The Brain Vault (Stephanie Chalice Thrillers Book 3) Read online




  The Brain Vault

  A Stephanie Chalice Thriller

  #3

  By

  Lawrence Kelter

  The

  Brain Vault

  Lawrence Kelter

  The Brain Vault Copyright © 2011 by Lawrence Kelter

  All rights reserved.

  Fourth Edition – March 2015

  No part of this book may be reproduced or transmitted in any form or by any means, electronic or mechanical, including photocopying, recording, or by information storage and retrieval system, without written permission of the Publisher, except where permitted by law.

  This book is a work of fiction. Names, places, characters, and incidents are the product of the author’s imagination or are used fictitiously. Any resemblance to events, locales, or persons living or dead, is coincidental.

  Interior book design by

  Bob Houston eBook Formatting

  For

  Morris, Doris, Salvatore, and Adelina

  One

  Newest of all moons, the tail of the waxing crescent was visible as I looked up at the cloud-riddled sky, a dagger’s silver blade against the vast, black heavens.
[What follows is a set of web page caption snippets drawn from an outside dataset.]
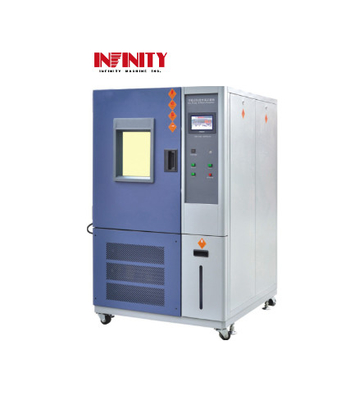 100L Ruang Uji Lingkungan Untuk Uji Kelembaban Suhu IEC68-2-2 20% RH Sampai 98% RH Dalam Biru Abu-abu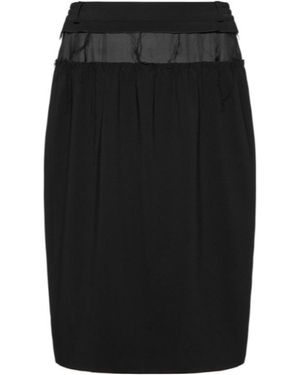 ワンピース MAISON MARGIELA Women Mid Skirts S51FP0110S49465 900 BLACK Maison Margiela Women's Midi Skirt in Black Maison Margiela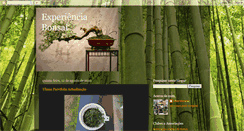 Desktop Screenshot of experienciabonsai.blogspot.com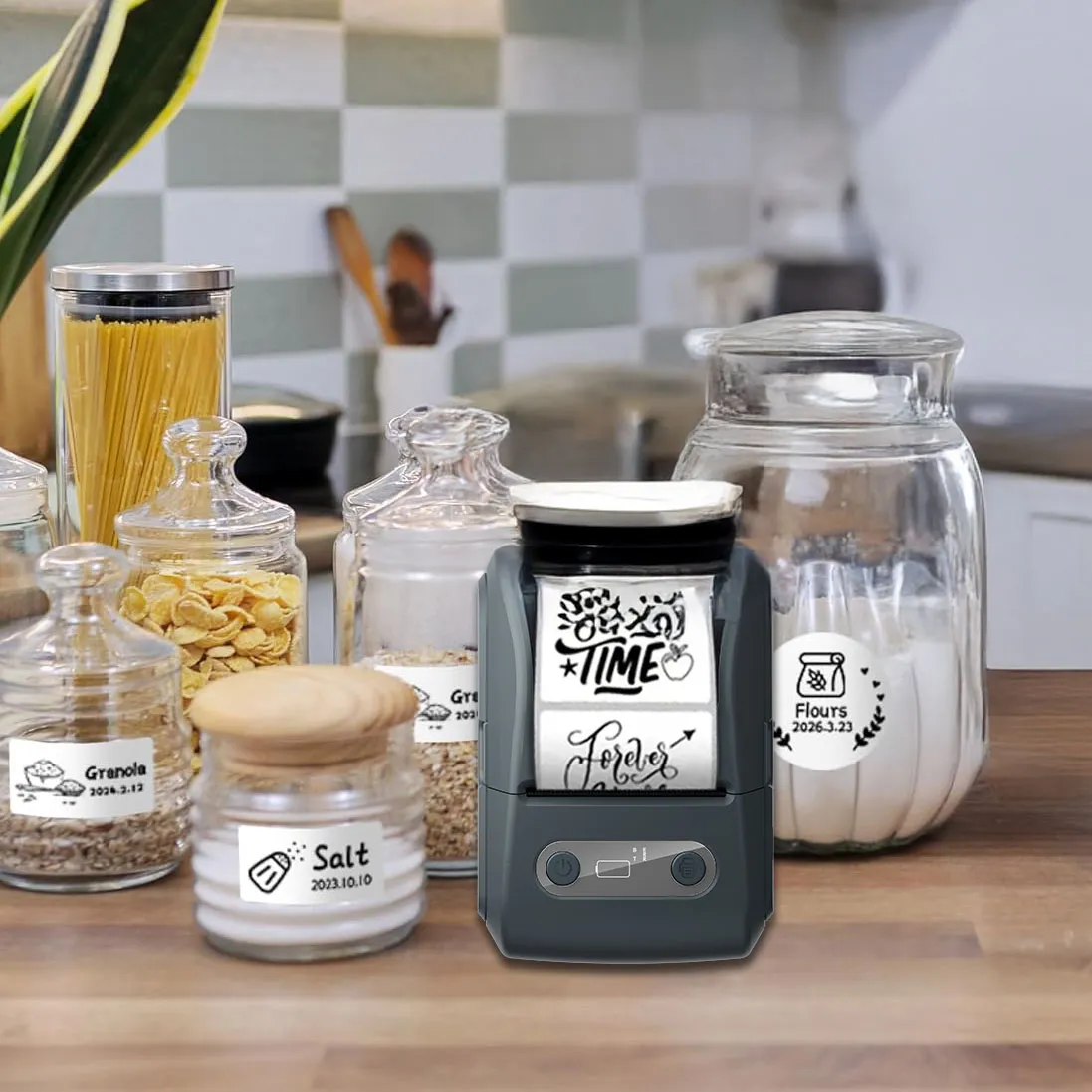 Beyaz Kablosuz Portatif Etiket Yazıcısı ( Lisinya ) Beyaz Kablosuz Portatif Etiket Yazıcısı ( Lisinya )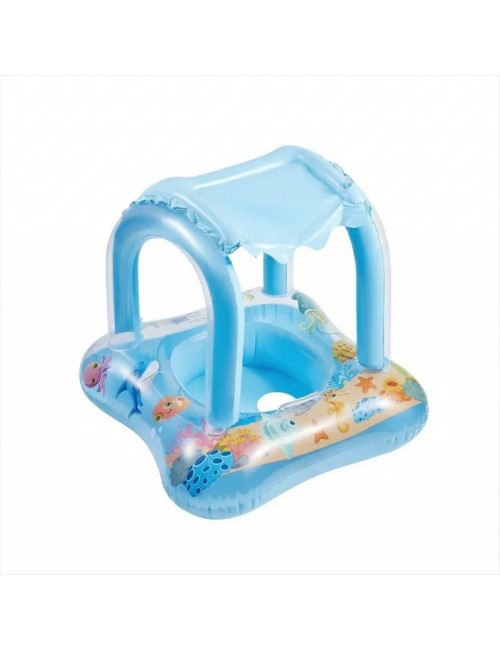Flotador Inflable Para Bebé Con Techo Protector Solar Uv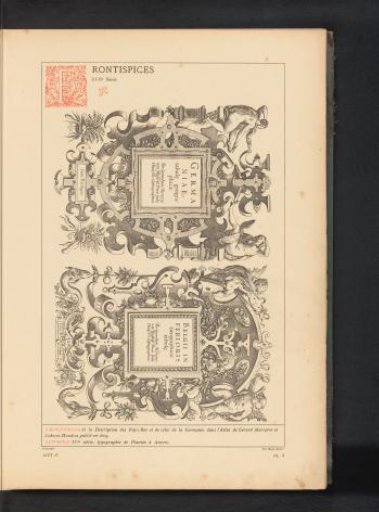 Reproduction of two title pages of an atlas compiled by Gerard Mercator and Jodocus Hondius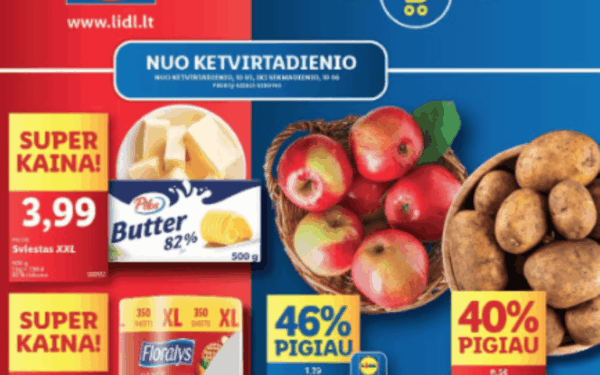 40 savaitės geriausios savaitgalio (2024.10.03-10.06) MAXIMA, LIDL, IKI ir RIMI nuolaidos ir pasiūlymai su kainų analitike Irena pagal nuolaidos.lt svetaine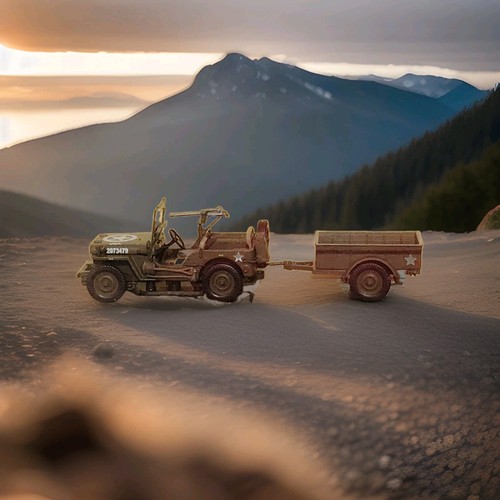 Eaglemoss jeep willys mb - eaglemoss,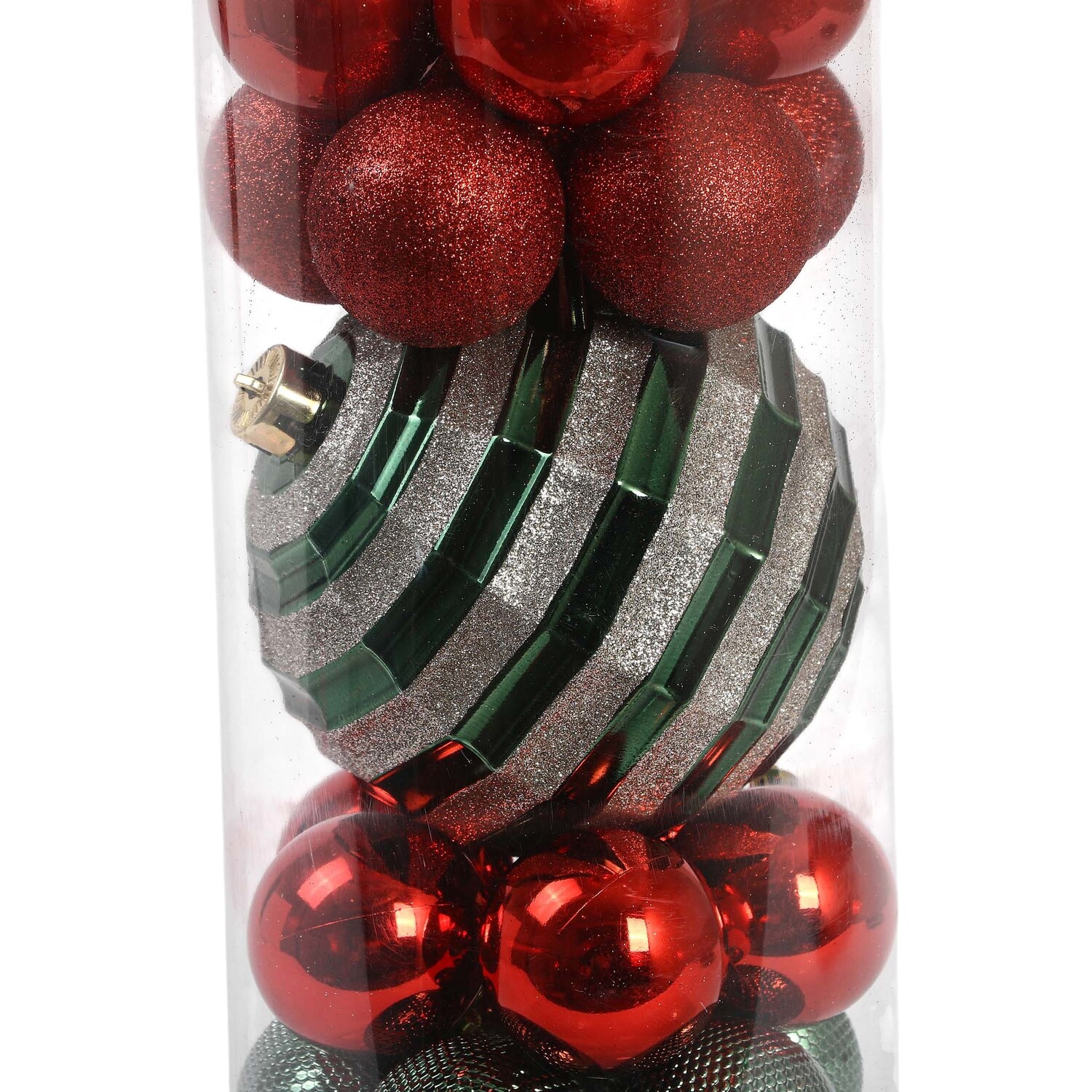 Set of 32 Chalet Baubles Red Image 2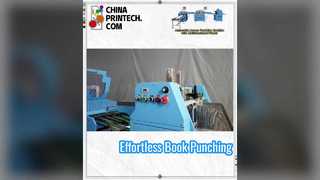 Automatic Access Punching Machine is designed for notebook, diary, binding book, leaflet, folding si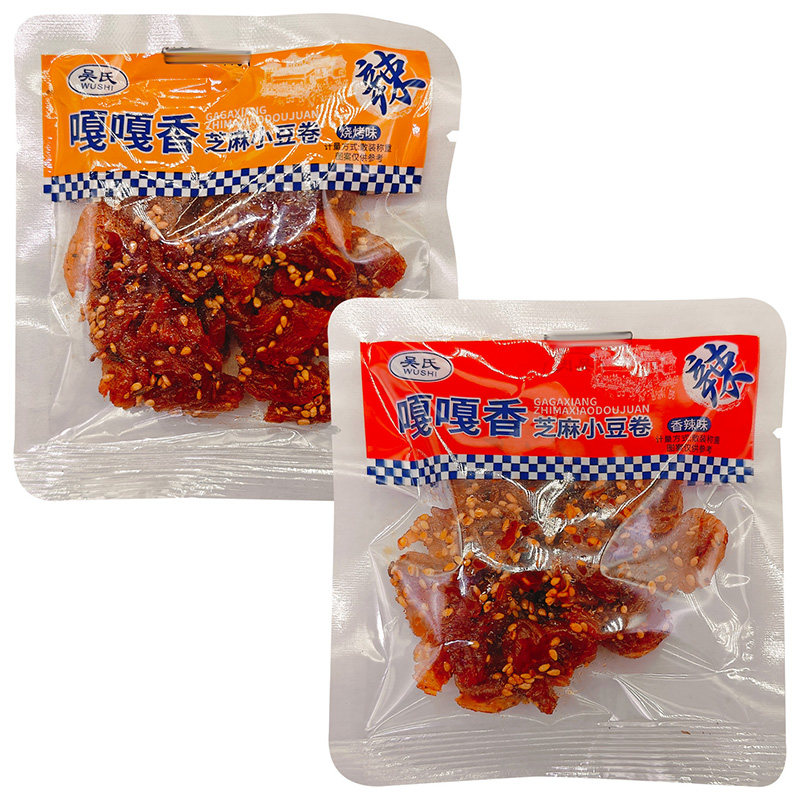吴氏嘎嘎香芝麻小豆卷解馋分享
  It was a lovely night for crime.

  Now if you knew me, you’d know that a gal like Stephanie Chalice wouldn’t normally be caught dead taking a midnight stroll through Central Park (not without an Uzi under each arm anyway). But I’m not alone; I’m with Gus Lido. Gus and I, we’re both on the job, two of New York’s finest trying to carve a moment’s peace out of a day of sheer chaos. He’s in a tux and I’m in an evening gown—even so, we’re armed and dangerous, trust me.

  I was hoping for an altercation free evening, but such seemed destined not to be the case.

  “Hey, watch it,” Gus said, grabbing my hand and preventing me from putting my foot down where God and Jimmy Choo had not intended for it to go.

  “Wow. Look at the size of that.”

  Gus shook his head in amazement. “Got to be a Labrador.”

  Labrador, how about a Clydesdale?

  “The last time I saw a specimen like that was on an episode of Animal Planet—the crew was in the Serengeti, tracking a herd of elephants.”

  “Anything else you can tell me from your examination of the specimen? What did the beast have for dinner, Iams or Eukanuba?”

  Gus snorted.

  Hell of a way to start a story, isn’t it?

  Yeah, I think so too—In any case, my designer pumps had escaped a fate worse than death.

  Well, you may have guessed that Lido and I are a team and then some. We both work homicide out of Midtown North, fighting crime and our sexual urges twenty-four/seven. We seem to be a lot better at solving case crimes than keeping our hormones in check, but we’re discreet—at least I think we are. Gus and I have one of the highest case-closing percentages on the squad—we get the job done and manage to get a little something, something in on the side. Few people know that we’re together, and I intend to keep the list short. I love my job and my partner. Having your cake and eating it too can be a lot of work. No one ever said life was simple.

  Gus and I had just broken away from a retirement party at The Boathouse Cafe. Our boss, Chief of Detectives Sonellio had finally put in his papers after thirty-five years on the job. I really and truly love the old guy. He’s been part of my life since way back when. He was my dad’s friend when he was on the job and has been like a Dutch uncle to me ever since my dad’s passing.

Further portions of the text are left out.